Kleine Balkanreise mit Tucholsky im Gepäck
Serbische Vojvodina: Wahrnehmungen zwischen Natur und Urbanität, Geschichte und Gegenwart
Deutsche Touristen stünden im Ausland, so meinte jedenfalls Kurt Tucholsky, immer vor der Frage, ob sie sich benehmen müssten, oder ob vor ihnen ohnehin schon Deutsche da gewesen seien.

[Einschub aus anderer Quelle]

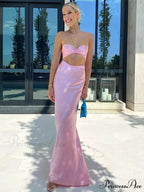 Sexy Satin Tube Top Midi Skirts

Ein bissiges Wort, das allerdings seinerzeit, nämlich Ende der 20er des vergangenen Jahrhunderts, weithin eher als kabarettistischer Gag empfunden worden sein dürfte. So richtig bitter aufgeladen wurde die Pointe erst durch die ebenso profan geplante wie irrsinnige Blutorgie, mit der später Nazideutschland Europa überzogen hat.
Spätestens seither stellt sich bezüglich deutscher Touristen in Europa die Frage des Benehmens nicht sarkastisch, sondern moralisch. Und weniger als eine Frage des Benehmens, sondern mehr des Wahrnehmens.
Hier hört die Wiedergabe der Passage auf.